Jacqueline siguió con la cabeza gacha y los hermosos labios temblorosos, como si nada de lo que Harrison pudiera decirle lograra despojarla de la convicción de merecer el mayor de los castigos. Elisa sintió temor: pensó que ella también había hecho mal en hablar con Nadja.
– Hemos reconstruido lo sucedido. -Carter estaba repartiendo más papeles: fotocopias de noticias de periódicos internacionales-. Nadja Petrova habló con la profesora Clissot a las siete de la tarde. Luego llamó a la profesora Robledo cerca de las diez de la noche. A las diez y media se había cortado las venas de ambos brazos. Murió desangrada en el cuarto de baño.
– Después de que usted le propusiera salir a cenar juntas -indicó Harrison en dirección a Elisa. Ella tuvo que esforzarse por no soltar las lágrimas.

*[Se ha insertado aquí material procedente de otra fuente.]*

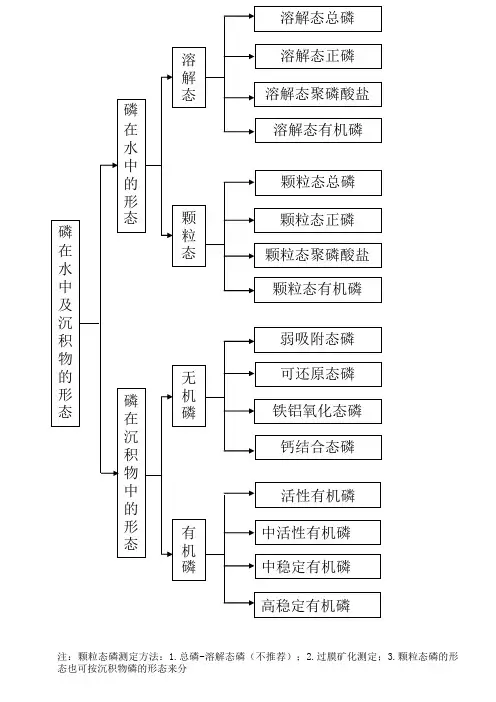 水、土壤磷形态分类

– Aquí pueden consultar la información de prensa en ambos casos -señaló Carter, y cedió de nuevo el turno a Harrison, como dos actores que ensayaran juntos.
– Desde luego, no todo se cuenta. Es cierto que nosotros intervinimos, pero les diré por qué. Cuando el profesor Craig fue asesinado, nos intrigamos. Enviamos unidades especiales a casa de Craig y volvimos a vigilarlos a todos ustedes: fue así como escuchamos las llamadas telefónicas que hicieron. La señorita Petrova estaba muy nerviosa, de modo que ordenamos a uno de nuestros agentes que se asegurara de que se hallaba bien. Pero cuando se presentó en su casa, descubrió que se había suicidado. Entonces acordonamos la zona y decidimos traerlos a todos aquí, para evitar otra tragedia…

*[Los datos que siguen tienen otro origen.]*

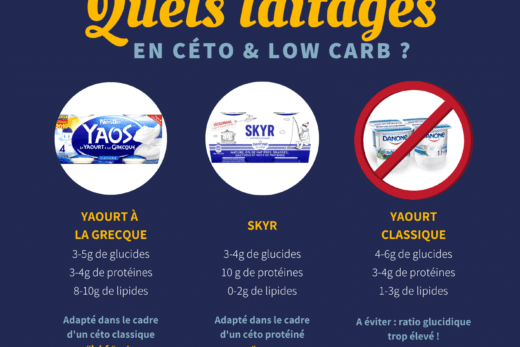 Yaourts et laitages en alimentation cétogène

– El método no fue muy ortodoxo, pero se trataba de una emergencia.
Harrison retomó la frase de Carter:
– El método no fue ortodoxo, pero lo volveremos a hacer, que quede claro, con cualquiera de ustedes o con todos, si fuera preciso. -Los miró por turno. Se detuvo en Elisa, que bajó los ojos. Luego en Jacqueline, que no lo miraba-. ¿Me explico, profesora? Jacqueline se apresuró a contestar:
– Perfectamente.
– Han pasado una temporada aislados por su propia seguridad y la de aquellos que los rodean. Ya lo hemos dicho muchas veces: sufrieron el Impacto. Hasta que no comprendamos mejor qué ocurre con un ser humano que ha contemplado el pasado, tendremos que tomar medidas tajantes cada vez que la situación lo requiera. Supongo que me explico con claridad. -Volvió a mirar a Elisa, que asintió de nuevo. La mirada de Harrison la estremecía, con aquellos ojos azules que casi parecían puntiagudos-. Son ustedes gente culta, una élite de inteligencias… Estoy seguro de que me entienden.
Todos asintieron.
– ¡Pero… barajaban la hipótesis de que un grupo organizado hubiese matado a Colin! -saltó Marini de repente. Su tono llamó la atención de Elisa: como si tal posibilidad le pareciera deseable. Tenía los ojos enrojecidos y un tic le irritaba el párpado izquierdo.